Es cierto que la impresión que se obtenía de Hitler, sobre todo después de un encuentro corto y fugaz, era la de un hombre muy serio. Esta profunda seriedad parecía ensombrecer todo lo demás. En sus años jóvenes también era así. Con una seriedad muy grande, que no correspondía en absoluto con aquel muchacho de dieciséis o diecisiete años de edad, examinaba todas las cuestiones que le conmovían y afectaban. Y el mundo tenía miles y miles de preguntas que dirigirle. Podía amar y admirar, odiar y despreciar, pero siempre con la máxima seriedad. Pero no era capaz de echar un problema a un lado con una ligera sonrisa. Aun cuando no se interesara personalmente por el deporte, por ejemplo, era el deporte, como manifestación de una época, tan importante para él como cualquier otro problema. Jamás llegaba a una conclusión final cuando comenzaba la discusión de todos los puntos de vista en pro y en contra. Con su seriedad característica planteaba continuamente nuevos aspectos del problema, y si el presente no le ofrecía un tema, hurgaba en el pasado durante horas y horas y en toda clase de libros. Esta seriedad desacostumbrada era su característica externa más destacada. Por el contrario, se encontraban a faltar muchos aspectos que caracterizan a la juventud: una indolencia despreocupada, vivir al día, contentarse con el “que venga lo que sea”. No, esto no valía para él. En este caso —¡extraña contradicción! — se hubiese él sentido muy poco joven. El humor quedaba con ello relegado a la esfera más íntima. Sólo irradiaba de vez en cuando, como si se tratara de algo despreciable. Con frecuencia se dirigía este humor a las personas que le rodeaban, o sea a aquel campo de acción en el que no existían para él problemas ni preguntas. Por este motivo, el agudo y algo amargado humor se mezclaba con frecuencia a la burla, desde luego, siempre una burla amistosa. En cierta ocasión asistió a un concierto en el que yo tocaba la trompeta. Le divertía lo indecible imitarme y me confesó que con mis mejillas hinchadas le había parecido yo un ángel de Rubens.

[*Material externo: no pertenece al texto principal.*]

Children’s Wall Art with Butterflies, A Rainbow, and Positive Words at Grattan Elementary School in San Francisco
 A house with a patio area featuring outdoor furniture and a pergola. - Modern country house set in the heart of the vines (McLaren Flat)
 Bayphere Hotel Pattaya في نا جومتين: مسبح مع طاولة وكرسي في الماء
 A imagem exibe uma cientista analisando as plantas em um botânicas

No voy a terminar este capítulo sin destacar una característica del joven Hitler que, lo reconozco de antemano, puede resultar hoy día un tanto paradójica. Hitler poseía una gran capacidad de penetración en las almas de las personas. De una forma realmente conmovedora se hizo cargo de mi persona. No tenía necesidad de contarle cuál era mi situación. Comprendía y asimilaba todo lo que me conmovía a mí de un modo tan directo como si hubiese sido yo mismo. ¡Cuántas veces me ayudó en una situación apurada! Siempre sabía lo que era más conveniente para mí, lo que yo podía necesitar. Aun cuando se ocupase intensivamente de todo lo concerniente a su persona, también con la misma intensidad se ocupaba de los asuntos de aquellas personas que le interesaban. No fue en modo alguno debido a la casualidad que fuera él quien diera el curso decisivo a mi vida persuadiendo a mi padre que me permitiera estudiar música. Y esto se debía a su posición básica que le llevaba a tomar parte, de un modo que no admitía dudas, de todo aquello que hacía referencia a mi persona. En ocasiones no podía desprenderme de la impresión de que junto a su vida vivía él también la mía.
He reflejado aquí la imagen del joven Hitler, tal como la conservo en mi memoria. La pregunta, empero, que por aquel entonces se cernía inconsciente y sin ser formulada en palabra sobre aquella amistad de juventud, ha quedado sin respuesta hasta el día de hoy: ¿A qué fin destinaba Dios aquel ser humano?